BTOP Hokkaido (BTOP北海道, Bi Ti O Pi Hokkaidō), formerly known as BTOP Thank Kuriyama, are a Japanese football club based in Kuriyama, Sorachi, Hokkaido. They play in the Hokkaido Soccer League. Despite playing in a league that holds an amateur status, the club's players and employees are currently signed on professional contracts.

==History==
The club was established in 1998 under the name Sapporo Thank FC. As a phoenix club, it emerged from the dissolution of another Hokkaido team, Anfini Sapporo. Originally based in Sapporo, the club relocated to Kuriyama, a town in Hokkaido, in 2004. Following the move, the club rebranded as Thank FC Kuriyama. They competed in the Hokkaido Soccer League until 2006 but were relegated after finishing in seventh place in the league.
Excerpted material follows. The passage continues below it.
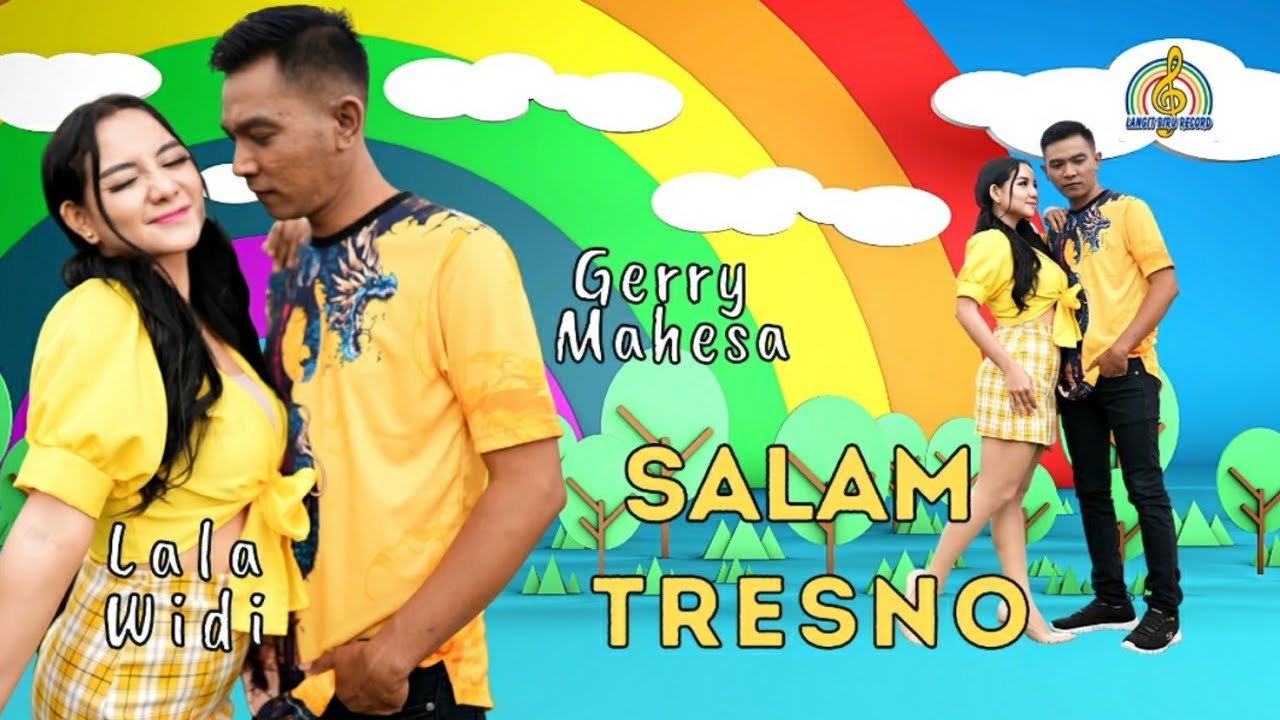 GERRY MAHESA Feat LALA WIDI | GERLA - SALAM TRESNO (Official Music Video)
From 2007 to 2021, they played at the Hokkaido Block Leagues, which can be considered Japan's 7th-tier league. At the start of the 2021 year, the club once again rebranded, now changing into BTOP Thank Kuriyama. Former J.League player Tetsuya Yano became the club's president, and the players were all signed into professional contracts.
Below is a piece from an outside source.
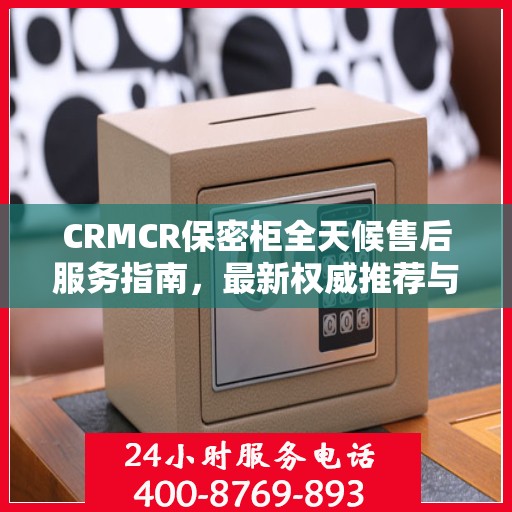 CRMCR保密柜全天候售后服务指南，最新权威推荐与保障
In 2022, they debuted in the 5th-tier league, Hokkaido Soccer League. After signing experienced players to help the team, BTOP Thank Kuriyama immediately won the Hokkaido Soccer League title after being promoted, after a last effort was made on 25 September, beating Sapporo FC by 8–0. With this win, their got their first promotion opportunity to the Japan Football League, Japan's 4th tier, via the 2022 Regional Champions League. They had qualified for the tournament by winning the Hokkaido League and by finishing as 2022 Shakaijin Cup runners-up, where they lost to Briobecca Urayasu by 5–3 after a penalty shoot-out, after a 0–0 tie in the regulation time. Despite their efforts, they were eliminated in the group stage of the competition, losing all three matches by 2–1.
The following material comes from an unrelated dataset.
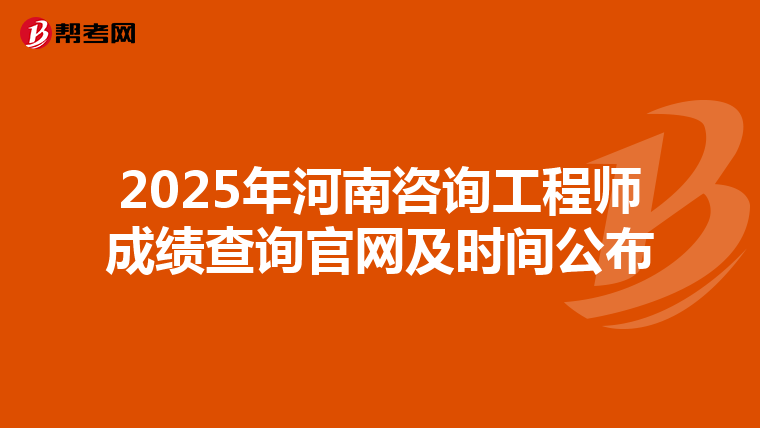 2025年河南咨询工程师成绩查询官网及时间公布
The club aspires to be the second team from Hokkaido to ever join the J.League in any of its current divisions, after Hokkaido Consadole Sapporo on 1998. The path to join the J1 League is much more difficult from before, as newly founded teams have to climb from five or more leagues, to finally earn promotion for the J1 League. BTOP Thank Kuriyama, however, in high hopes, highlights their ambition to join the Japanese maximum level of professional football in back-to-back promotions by 2027.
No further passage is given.